Sienna Plantation is now a large residential community located off State Highway 6 in eastern Fort Bend County. The land where this subdivision has grown has a long history as a sugar and cotton plantation beginning with original land grants of the Old Three Hundred.
In 1824, this was part of Stephen F. Austin’s Oyster Creek Settlement. The original land grants that would become Sienna Plantation were awarded to David Fitzgerald, Thomas Barnett, and Moses Shipman.
David Fitzgerald of Savannah, Georgia, came to Texas in 1822 as a widower aged over fifty. Fitzgerald fought at Anahuac, the small American community on Galveston Bay, in 1832. This was a port of entry for American colonists that had been established as a Spanish fortress ten years before. In 1831, Kentucky-born John Davis Bradburn, who was serving as a colonel in the Mexican army, took command of the garrison at Anahuac. Bradburn confiscated some colonist’s land, declared martial law and arrested several of them after they protested. One hundred sixty angry colonists, including David Fitzgerald and Daniel Shipman, the son of Moses Shipman, attacked the garrison to rescue their friends. Some say this was the start of the Texas Revolution.

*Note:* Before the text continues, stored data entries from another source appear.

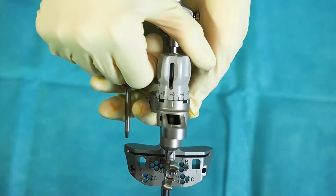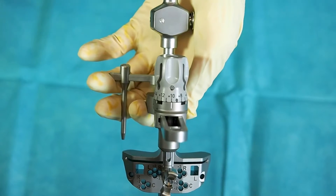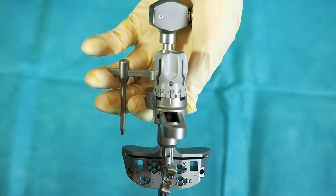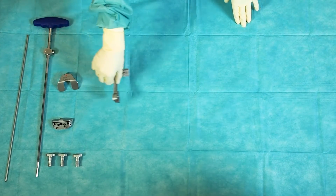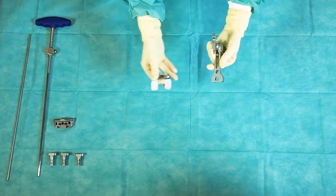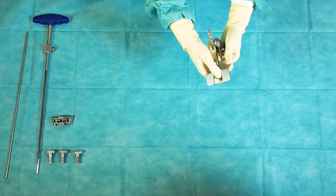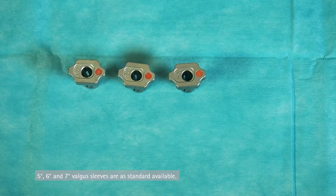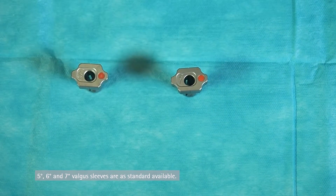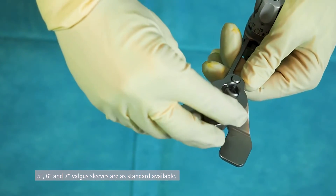The resection level is adjusted by turning the wheel. Connect the distal femur contact plate to the intramedullary alignment system. Choose the appropriate orientation sleeve in 5, 6, or 7 degrees according to the preoperative planning.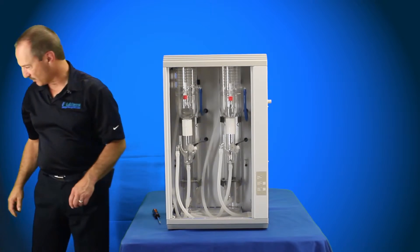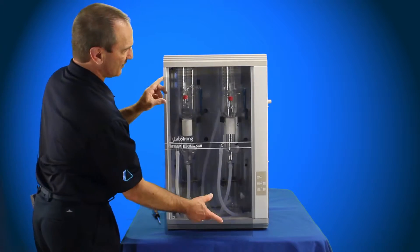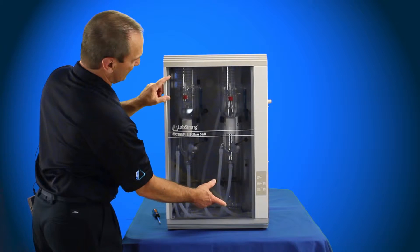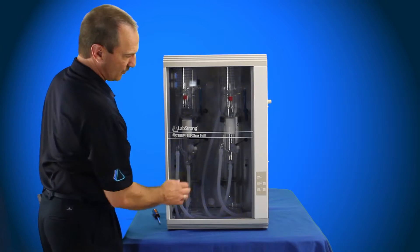At this point we can reinstall the door. Slide the top of it up inside on the front, the bottom slides down, and the door's back in place.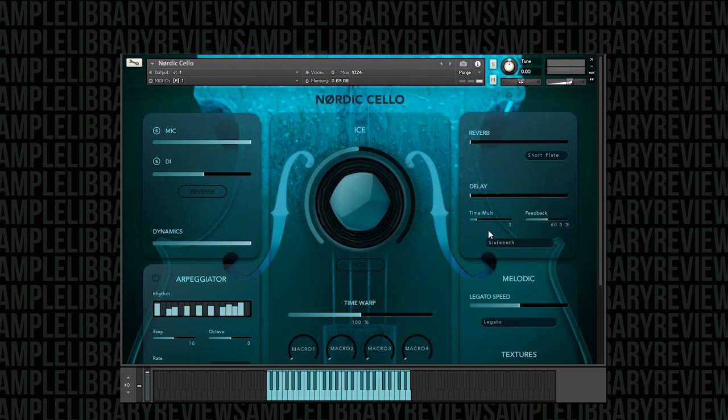You do have a separate reverb and delay control here, so those are in addition. I'm not exactly sure what's going on under the hood here, but it's really, really good. You can also see you have two signals here — a regular mic signal and a DI signal — and you can also reverse those.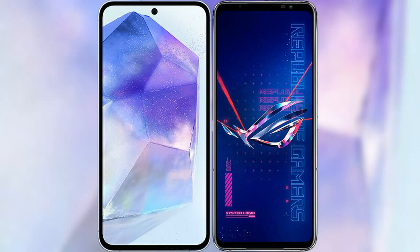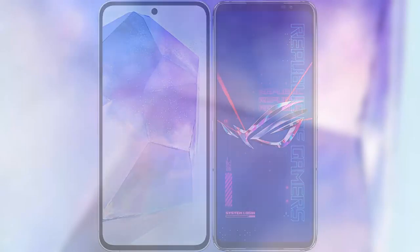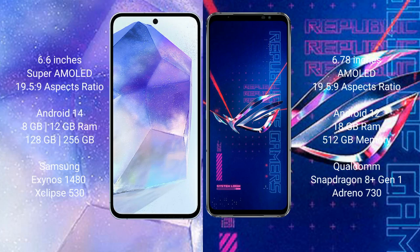I will compare the new Samsung Galaxy A55 with the ASUS ROG Phone 6 Pro. The Samsung Galaxy A55 comes with a 6.6-inch Super AMOLED display and a resolution of 1080x2340. The ASUS ROG Phone 6 Pro features a 6.78-inch AMOLED display with the same resolution of 1080x2340.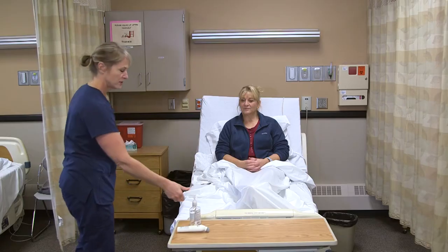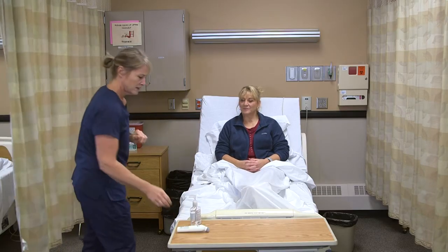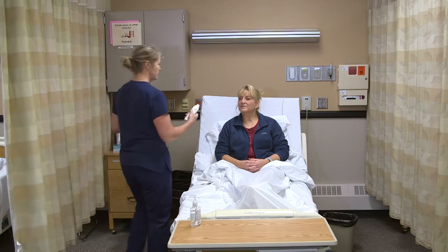To take a TPR — temperature, pulse, and respirations — on a resident, I just need the thermometer to do the temperature. I'm going to knock on the resident's door, wash my hands, and greet them: 'Hi Annie, I'm here to take your vitals, is that okay?' Then I'll provide for privacy and we'll start with the temperature.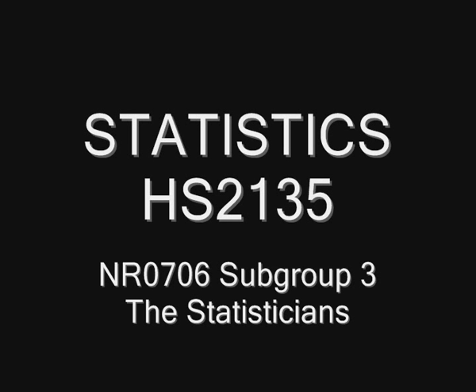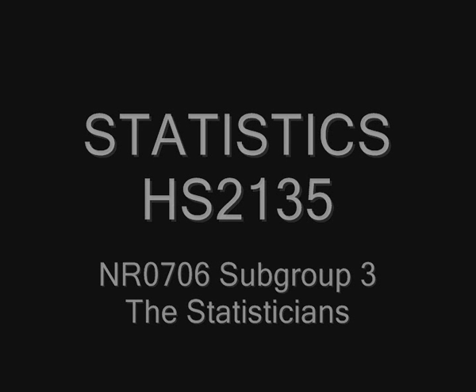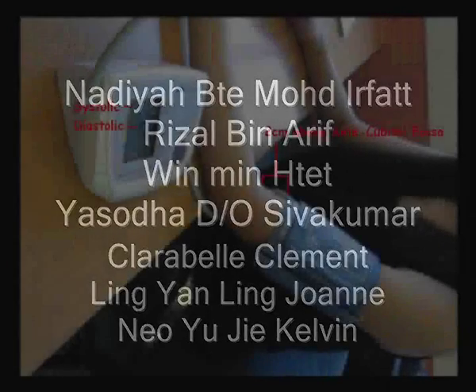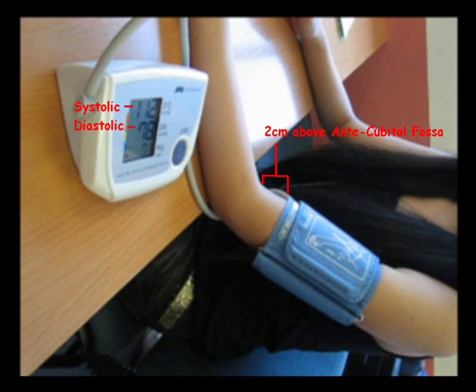This is a short video produced by NRO706 subgroup 3. This video shows us taking a blood pressure of a sample and how we will collect the data.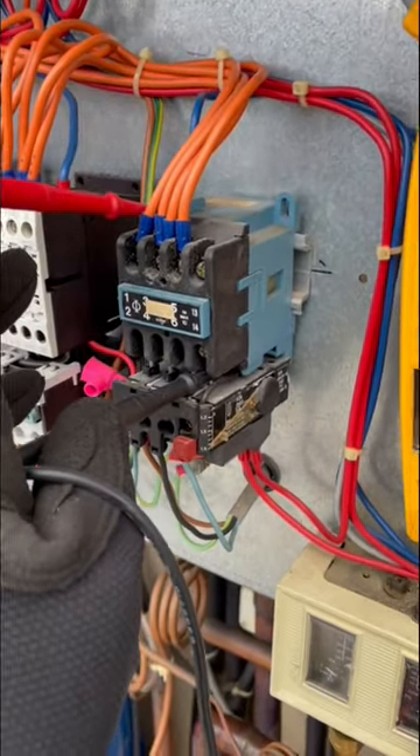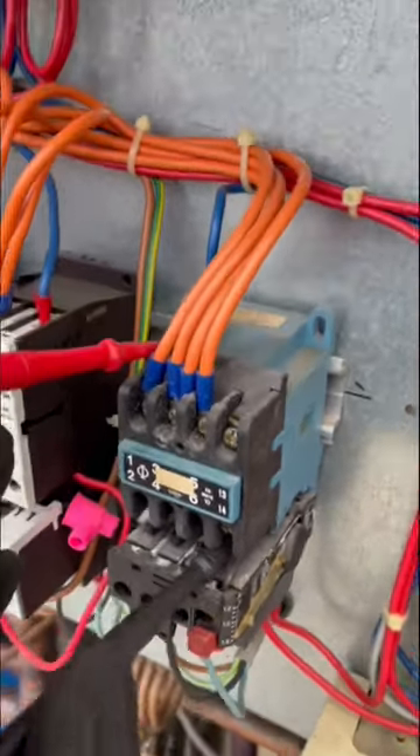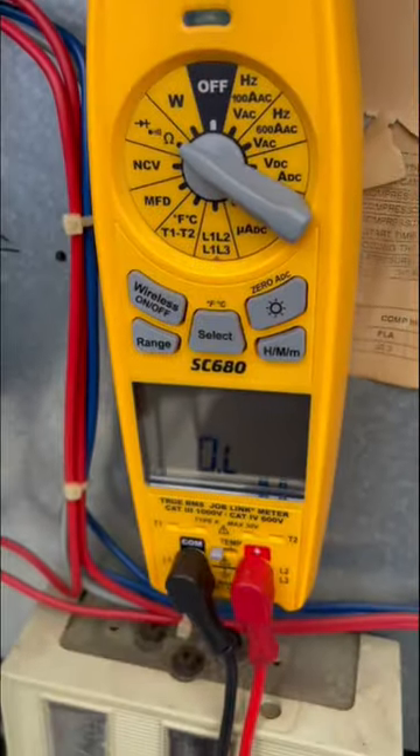Was getting 240 volt signal at the contactor but nothing was happening, so tested the coil between A1 and A2, and it is open.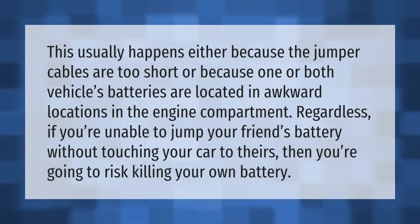This usually happens either because the jumper cables are too short, or because one or both vehicles' batteries are located in awkward locations in the engine compartment. Regardless, if you're unable to jump your friend's battery without touching your car to theirs, then you're going to risk killing your own battery.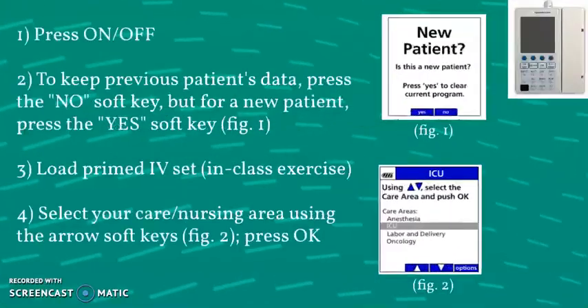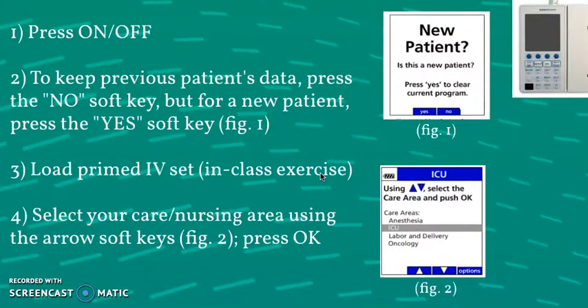Now we'll go straight into programming an infusion. Your initial first step is to take your infusion pump and stabilize it on a surface or IV pole — they can be pretty pricey, so you don't want to damage it. Your first official step will be to power on the pump using the on/off button, and that same button can be used to power it down.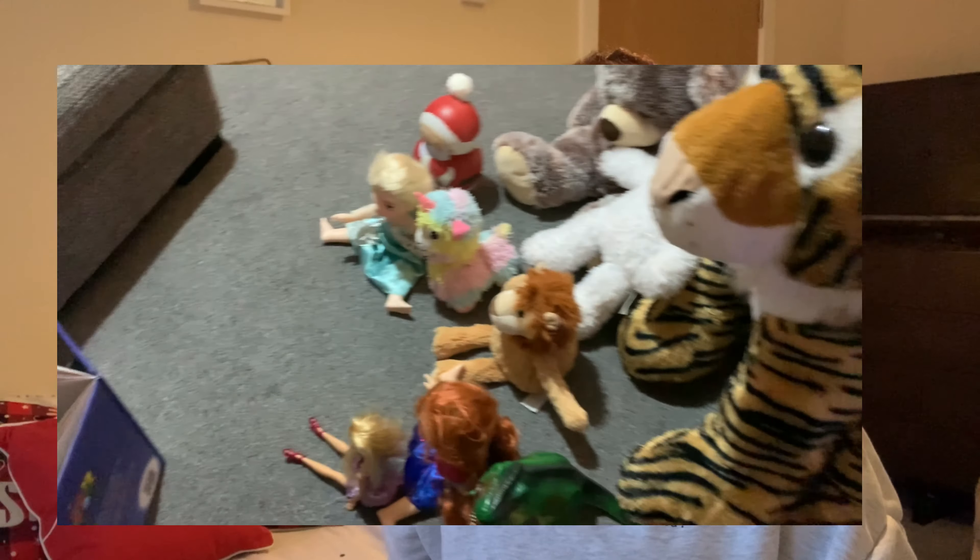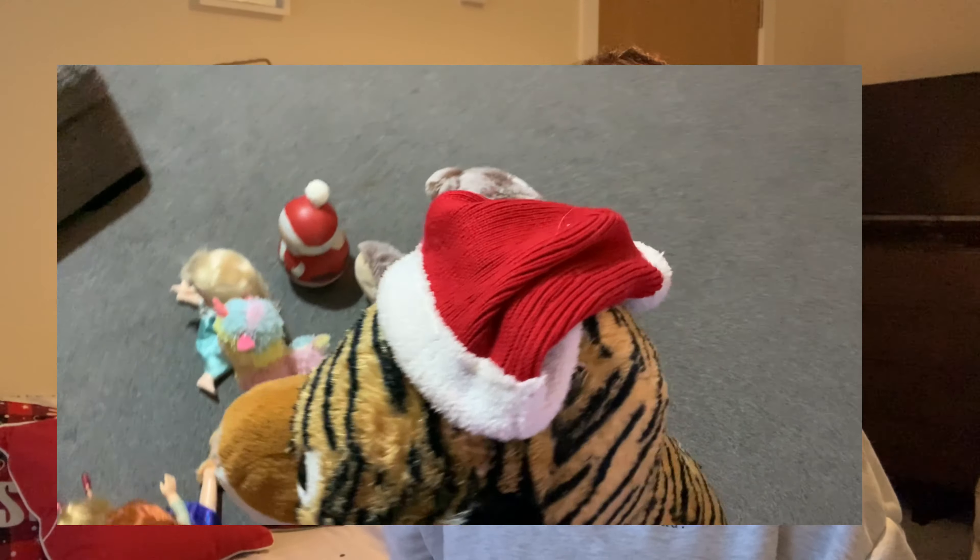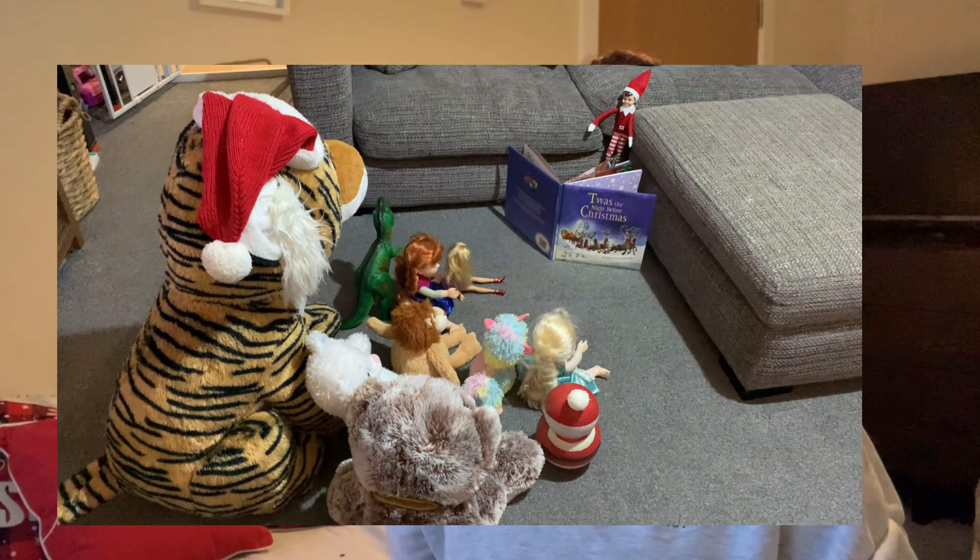My daughter loves bringing her cuddly toys downstairs during the day, and one of her favorites is her Ticker and a couple of Barbies. The idea here is having the elf read one of Aria's favorite Christmas stories to her cuddly toys in the morning. When she wakes up, the toys won't be in her bed — she'll head downstairs and find them sitting in a circle with the elf reading a story. I think that's absolutely adorable because sitting together and reading a book is one of the best things. She will absolutely love it.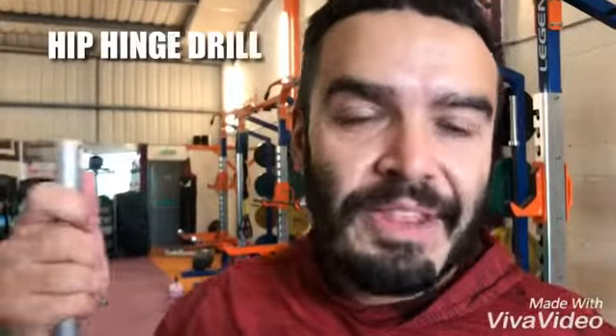Hiya guys, the hip hinge is one of the most fundamental movements we do in the gym. A lot of clients do struggle with the hip hinge. So what I'm going to do today is demonstrate the drill using one of these, to get my clients to better practice the hip hinge and better posture.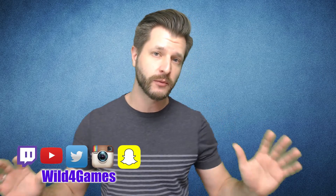Hey guys, Wallet for Games here for you. Today I want to show you something that's been shared with me that I've been struggling with for a long time.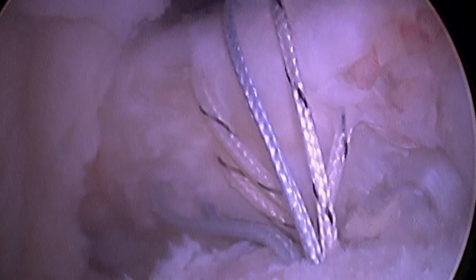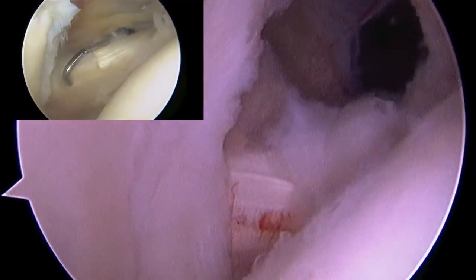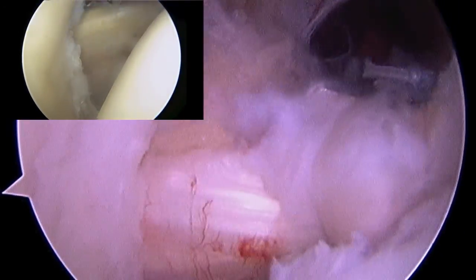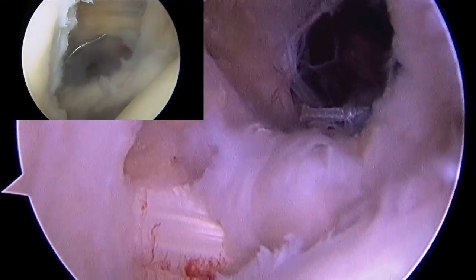You can also see I've prepared the bone to bleeding so that it will promote healing. With the stitches tied down, I've now restored the integrity of that subscapularis tendon so that when I move the ball of the humerus, the subscapularis tendon moves as well. Comparing that in the inset video to a normal subscapularis tendon, you can see we've effectively restored the function.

Thomas Barnett was born on January 18, 1798, in Logan County, Kentucky. Before 1821 he moved to Livingston County, Kentucky, where he was sheriff for two years. In 1823 he moved to Texas as one of Stephen F. Austin‘s Old Three Hundred and on July 10, 1824, received title to a league of land on the adjacent north side of the David Fitzgerald league, but never lived there. Thomas Barnett was one of the signers of the Texas Declaration of Independence.
David Fitzgerald died in 1832, and his plantation became the property of his daughter, Sarah, who had married Eli Fenn in Georgia before the Fitzgerald and Fenn families moved to Texas.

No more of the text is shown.